Dalam wacana kapitalisme mutakhir sudah menjadi semacam dogma bahwa untuk memproduksi suatu komoditi harus disertai dengan memproduksi tontonan. Semua tontonan menjadi komoditi, sebaliknya semua komoditi menjadi tontonan. Hal ini terbukti dengan jutaan mata penonton sepakbola menatap pertandingan Piala Eropa 2008 lewat televisi yang di sana sini diselingi dengan iklan. Itu artinya, tontonan sepakbola Piala Eropa 2008 menjadi komoditi pemasaran produk lewat tayangan iklan.


Rangkaian tontonan yang disuguhkan oleh media massa kapitalis mutakhir menurut Baudrillard, telah menyulap individu-individu menjadi sekumpulan mayoritas yang diam. Bagaikan sebuah kekuatan sihir yang sangat dahsyat, media menjadikan massa yang diam tersebut menjadi layaknya sebuah layar raksasa yang membuat segala sesuatu mengalir melalui mereka; segala sesuatu menarik mereka bagaikan magnet, namun tidak ada bekas apa-apa yang ditinggalkan.

Televisi misalnya bisa menarik massa ratusan juta orang untuk sebuah tontonan sepakbola siang, petang, malam bahkan dini hari belakangan ini. Televisi berikut iklan yang ada di dalamnya diyakini mempunyai efek yang luar biasa. Pesan-pesannya lebih hidup, apalagi gambarnya. Kalau orang mengatakan bahwa iklan adalah memberi Anda mitos dan impian, maka televisi membuat mitos dan impian itu seolah-olah nyata.
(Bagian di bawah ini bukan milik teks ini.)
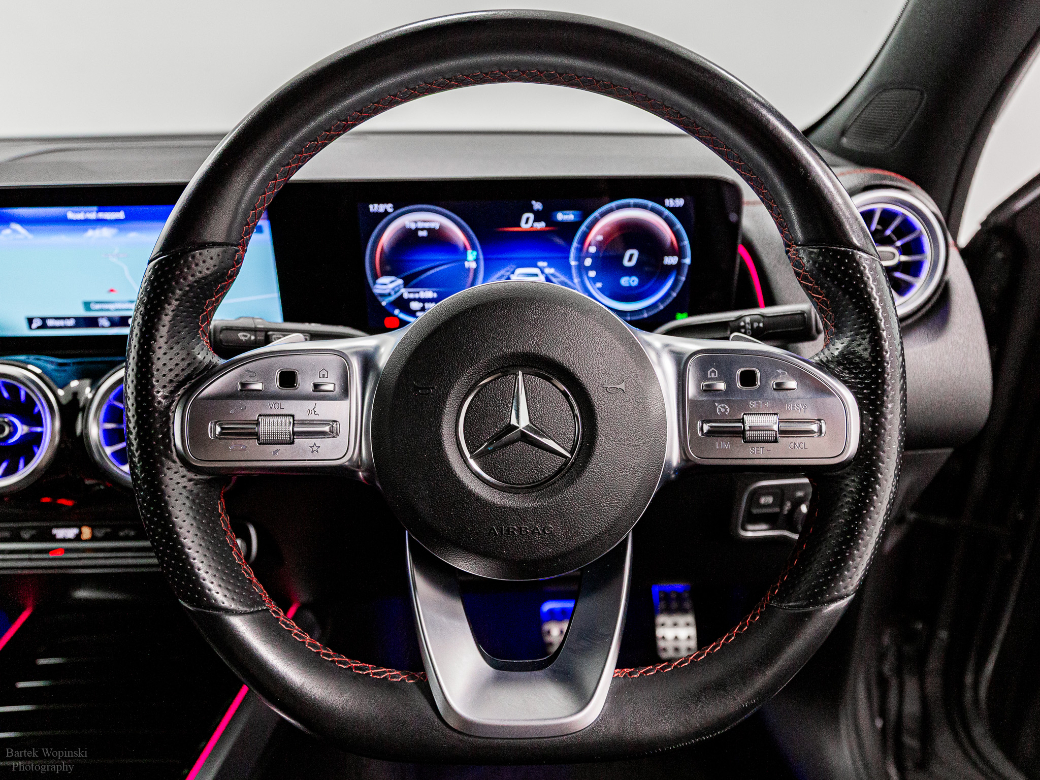 2022 Mercedes-Benz EQB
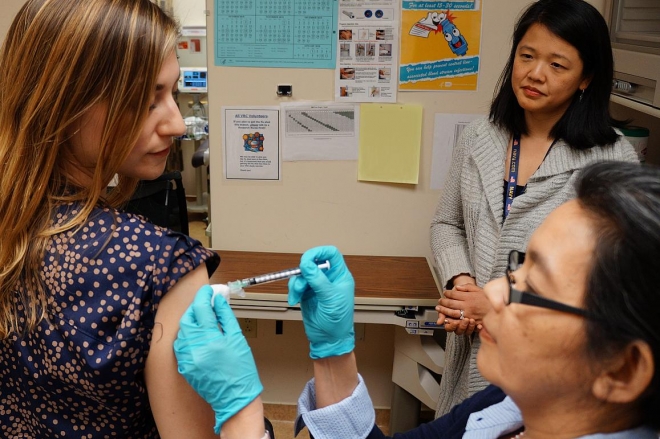 미국 국립보건원이 모든 독감을 예방할 수 있는 만능백신을 개발하고 사람을 대상으로 임상시험에 돌입했다. 美NIH 제공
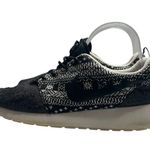 Nike Roshe One Winter Print Shoes Women's sz 8.5 Black 685286-001 Fair Isle Knit Photo 1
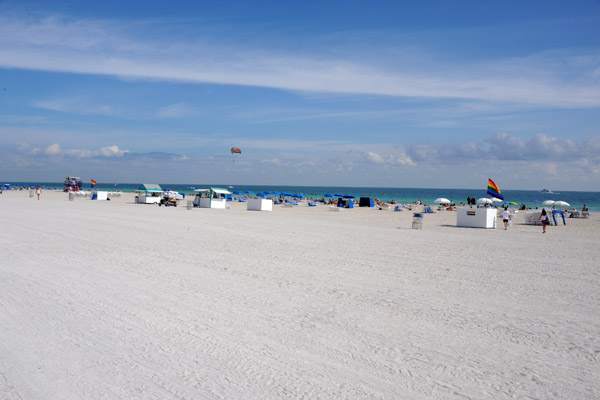 Beyond the dune, the beach is around 100m wide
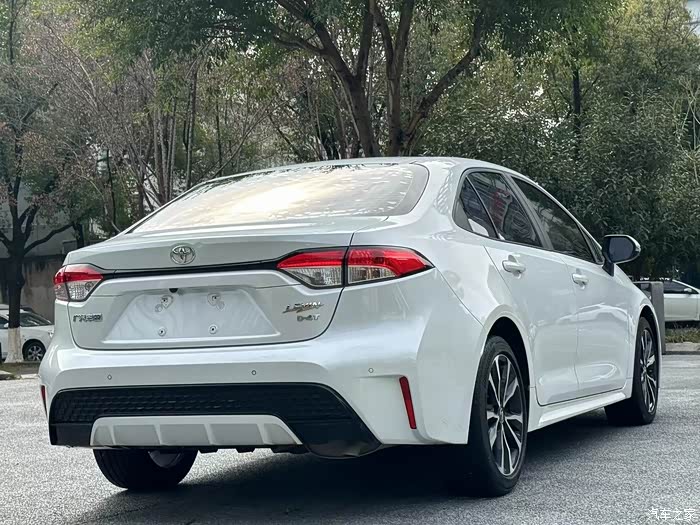 最新到店21年差根烟上牌顶配丰田雷凌全车原版实表3万公里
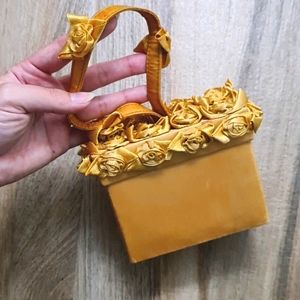 Vintage box handbag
Tatkala iklan berkelebat lewat layar kaca, ia digambarkan begitu perkasa. Berdaya hipnotis tinggi. Ia mampu membangkitkan desakan emosi atau proses lain yang hampir tidak terkontrol oleh setiap individu. Mereka dengan enteng mengadopsi nilai, sikap, perasaan dan daya hidup yang ditawarkan iklan lewat tayangan televisi. Pertanyaannya kemudian, ketika televisi mampu menyihir ratusan juta massa di seluruh dunia untuk menonton pertandingan sepakbola Piala Eropa 2008 pada siang dan malam hari, apakah ada bekas makna yang ditinggalkan dari tontonan tersebut? Jawabannya, tidak ada bekas apa-apa yang ditinggalkan, selain perasaan kecewa, nggondok, atau senang karena menang taruhan.


Dalam perspektif realitas semu, rangkaian tontonan sepakbola yang disuguhkan oleh media elektronik kapitalisme telah menggiring masyarakat konsumer ke dalam satu eksodus menuju satu nihilisme dan fatalitas kehidupan. Sirkulasi suguhan-suguhan ekstasi, keterpesonaan hanya menghasilkan massa yang mabuk atau kecanduan akan sirkulasi penampakan tontonan bola gelinding tersebut. Ironisnya, ia hanya mengembangkan hawa nafsu yang tanpa ada batasnya.